俺も人生を振り返れば、みすみす与えられたチャンスを自らの判断によって手放してしまった過去がある。

幸運の只中にあってさえ、選ぶべき選択肢を選ぶことは何と困難なことか。


地球防衛軍

ロボット同士が戦争をして、人間は地下に隠れて生き延びている世界の話。

作中の敵国がソ連であるのには時代を感じる。

何せ作品が執筆されたのは1950年代、まだ冷戦も始まったばかりの頃である。

最も大きな舞台装置は現代でも通用しそうながら、大オチは70年前に書かれただけあり前時代的な希望的観測という感じ。


『訪問者』

アメリカの敵はソ連! 放射線による生物の急激な進化!

さすが70年前の異国で産み落とされた作品だけあって、戸惑う要素も多い。これがガチのジェネレーションギャップか。
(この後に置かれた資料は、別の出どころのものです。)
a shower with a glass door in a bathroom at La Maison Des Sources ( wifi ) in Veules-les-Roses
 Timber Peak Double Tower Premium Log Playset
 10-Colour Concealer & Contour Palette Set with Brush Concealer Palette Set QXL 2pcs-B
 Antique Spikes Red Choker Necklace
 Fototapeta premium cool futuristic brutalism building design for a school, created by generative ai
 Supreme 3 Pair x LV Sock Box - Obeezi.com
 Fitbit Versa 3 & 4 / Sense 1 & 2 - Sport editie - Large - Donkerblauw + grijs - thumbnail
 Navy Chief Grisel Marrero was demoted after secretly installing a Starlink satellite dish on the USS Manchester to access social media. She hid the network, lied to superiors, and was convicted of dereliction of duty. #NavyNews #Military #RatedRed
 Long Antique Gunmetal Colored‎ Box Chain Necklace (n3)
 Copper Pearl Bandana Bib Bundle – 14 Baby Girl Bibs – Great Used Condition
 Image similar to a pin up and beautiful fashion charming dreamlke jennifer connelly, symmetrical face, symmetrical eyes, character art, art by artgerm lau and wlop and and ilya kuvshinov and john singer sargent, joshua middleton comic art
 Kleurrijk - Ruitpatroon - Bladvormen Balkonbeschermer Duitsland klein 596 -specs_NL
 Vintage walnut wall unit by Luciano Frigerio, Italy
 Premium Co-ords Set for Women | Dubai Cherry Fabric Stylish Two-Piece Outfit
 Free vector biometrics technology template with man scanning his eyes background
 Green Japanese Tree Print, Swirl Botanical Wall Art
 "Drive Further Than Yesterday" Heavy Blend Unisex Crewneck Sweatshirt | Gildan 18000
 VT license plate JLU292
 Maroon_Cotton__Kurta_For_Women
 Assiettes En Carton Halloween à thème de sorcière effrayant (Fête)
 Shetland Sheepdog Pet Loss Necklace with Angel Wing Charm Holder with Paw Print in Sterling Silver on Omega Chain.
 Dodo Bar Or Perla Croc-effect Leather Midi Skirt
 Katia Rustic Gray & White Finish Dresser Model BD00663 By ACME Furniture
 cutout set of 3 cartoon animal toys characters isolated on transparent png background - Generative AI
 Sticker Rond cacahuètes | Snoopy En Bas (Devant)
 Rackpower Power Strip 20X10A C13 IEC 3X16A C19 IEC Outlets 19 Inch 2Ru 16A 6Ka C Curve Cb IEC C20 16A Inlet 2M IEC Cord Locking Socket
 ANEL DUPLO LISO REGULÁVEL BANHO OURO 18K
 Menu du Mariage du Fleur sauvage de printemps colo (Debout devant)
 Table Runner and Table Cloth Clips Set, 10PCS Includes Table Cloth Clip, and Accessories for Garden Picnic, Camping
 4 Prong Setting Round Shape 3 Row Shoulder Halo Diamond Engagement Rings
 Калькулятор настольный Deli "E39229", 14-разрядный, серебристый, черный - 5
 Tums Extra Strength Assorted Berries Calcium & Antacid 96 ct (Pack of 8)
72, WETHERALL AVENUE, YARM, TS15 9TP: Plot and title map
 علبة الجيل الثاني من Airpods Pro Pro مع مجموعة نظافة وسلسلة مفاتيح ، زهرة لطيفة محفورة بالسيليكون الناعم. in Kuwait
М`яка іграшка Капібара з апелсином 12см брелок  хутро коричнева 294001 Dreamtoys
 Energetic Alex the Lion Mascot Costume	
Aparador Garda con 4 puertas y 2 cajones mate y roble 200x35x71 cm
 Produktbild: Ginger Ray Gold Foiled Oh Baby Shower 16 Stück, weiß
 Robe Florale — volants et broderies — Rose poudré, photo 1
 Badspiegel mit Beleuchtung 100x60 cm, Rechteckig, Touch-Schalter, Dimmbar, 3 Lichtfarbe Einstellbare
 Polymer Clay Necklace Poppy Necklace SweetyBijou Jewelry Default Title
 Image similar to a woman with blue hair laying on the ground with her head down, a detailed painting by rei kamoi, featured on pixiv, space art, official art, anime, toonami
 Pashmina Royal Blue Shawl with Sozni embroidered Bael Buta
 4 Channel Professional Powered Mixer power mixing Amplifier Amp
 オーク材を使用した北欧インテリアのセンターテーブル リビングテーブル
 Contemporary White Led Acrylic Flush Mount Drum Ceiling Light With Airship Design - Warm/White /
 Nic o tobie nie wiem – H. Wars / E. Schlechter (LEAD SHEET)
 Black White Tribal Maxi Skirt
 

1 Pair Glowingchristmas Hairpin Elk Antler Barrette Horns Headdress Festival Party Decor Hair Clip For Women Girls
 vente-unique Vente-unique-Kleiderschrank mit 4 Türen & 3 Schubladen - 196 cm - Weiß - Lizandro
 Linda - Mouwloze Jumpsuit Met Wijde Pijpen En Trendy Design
とはいえ本作はジェネレーションギャップによる劣化は軽微で、結末の見事さは喝采もの。

旧人類と進化を果たした人類との対立や共存を描いた作品はこの傑作選にも複数収録されているが、これが一番良かったな。


『世界をわが手に』

極小サイズの地球育成ゲームが流行するに至った未来での心情の話。

これって当時はどれくらい斬新な結末だったのだろうか。

インパクトはあまりなく、なるほどねえ程度のオチである。これもやはりジェネレーションギャップのせいだろうか。


『ミスター・スペースシップ』

明らかに微妙な出来だよね? と思ったら、巻末 「編者あとがき」 でも "珍品" "成功作とはいいがたい" と評されていた。

思わせぶりなフラグは一切投げ捨て、打ち切り漫画のような結末で終了する。オチを思い付かなかったのでは。


『非O(NULL-O)』

人間らしい情緒は欠落し論理的にしか行動しない人間が観測されて、という話。

完全に論理的な人間を、そもそも人間は描写できるのだろうか? そのようなことを思ったよ。

そしてどのような名作であっても、作品の良し悪しが読み手の時代によって左右されてしまうのは不可避なのだろうな。

登場人物:レミュエルの言動には、僕には感情が無いとか言い出す中二病や、カレー沢薫先生のコラムを思い出し吹き出すこともあった。


『フード・メーカー』

未来人の描写と言えば、空飛ぶ車にピッタリとしたボディースーツ。

作品は面白いけど、未来についての想像がそのようなレトロフューチャーだった時代に書かれたのだろうな、と感じる一品。

超能力による監視社会、それに対抗する手段が頭に被る金属の輪っか (フード/頭巾) だとは。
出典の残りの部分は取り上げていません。